Вообще-то предполагалось, что седмичник действует как приворот, но в руках Ойкью это растение обретало совершенно неожиданные свойства. Никого приворожить ей ни разу так и не удалось, зато все жертвы её специфического – Ойкью и сама понимала это – юмора сразу засыпали глубоким сном. В итоге ей приходилось тащить этих несчастных домой, где бабушка, наконец, их расколдовывала.
«Это потому, что ты сама считаешь привороты такими скучными, что заснуть можно», – объясняла ей бабушка. В общем-то, бабушка была совершенно права – привороты ни капельки не развлекали Ойкью: когда она смотрела на чужое подобное колдовство со стороны, ей казалось оно грустным, глупым и чуточку противным.
Тем временем бабушка стояла и глядела на внучку почти обиженно: она сознавала, что явно чего-то не понимает.
– Это Варн, и я его украла из лодки Деда, – терпеливо объяснила Ойкью. – Я не подкладывала никакого седмичника. Он вроде как сбежал из дома, поэтому ночует сегодня у нас. Он по доброй воле сюда пришёл.
– Это-то меня и пугает, – удивлённо проговорила бабушка. – Ты хоть понимаешь, кто он такой?

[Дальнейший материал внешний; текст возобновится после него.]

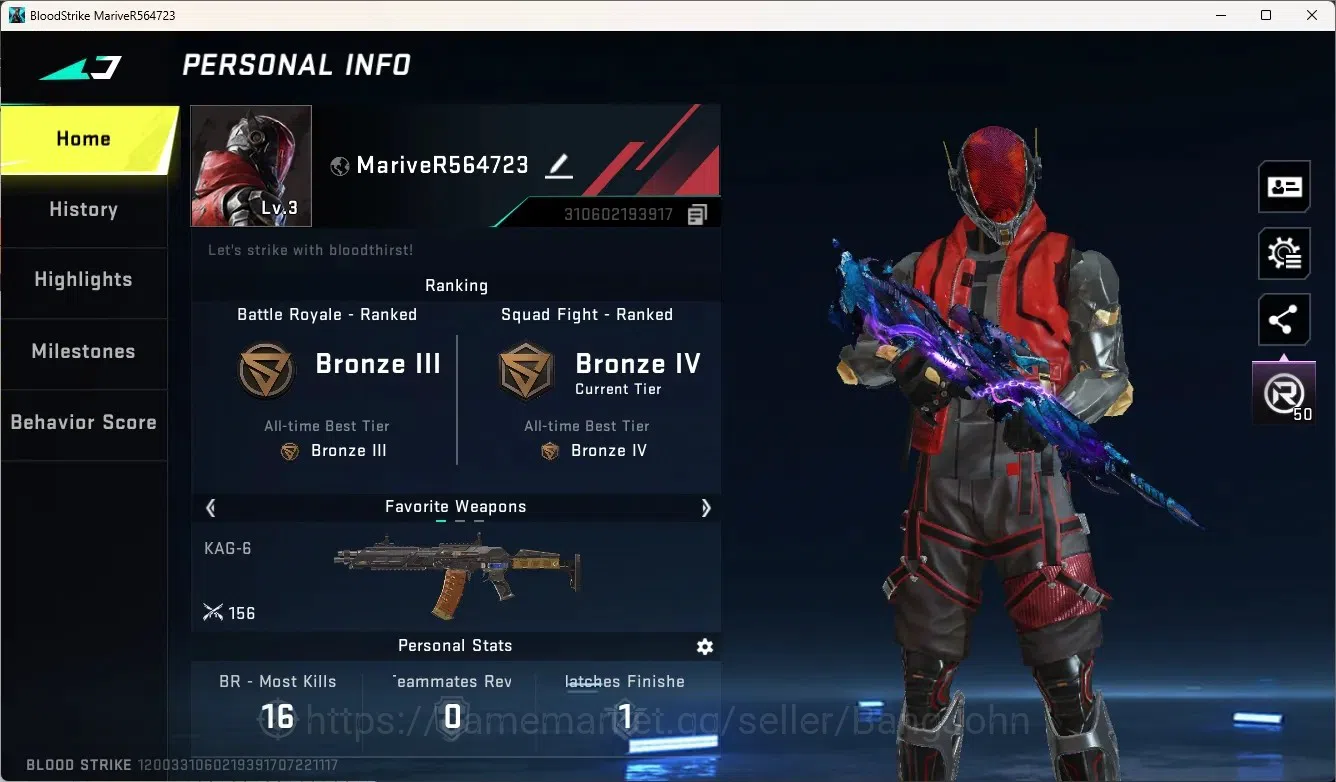Blood Strike Accounts Rare Skin ASIA |1 Eternal Gun: Kala - Whisper|1 Epic Name - Changing Card|Check SS BS2264B 1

Она ещё раз внимательно посмотрела на внучку, сокрушённо покачала головой, а затем всё-таки спустилась и принялась собирать на стол. Ойкью бросилась ей помогать, влекомая целью узнать, что будет на завтрак.
Следующим по лестнице спустился дедушка. Ойкью заметила, что мха у него на затылке чуть-чуть убавилось, а на лице, наоборот, чуть-чуть прибавилось.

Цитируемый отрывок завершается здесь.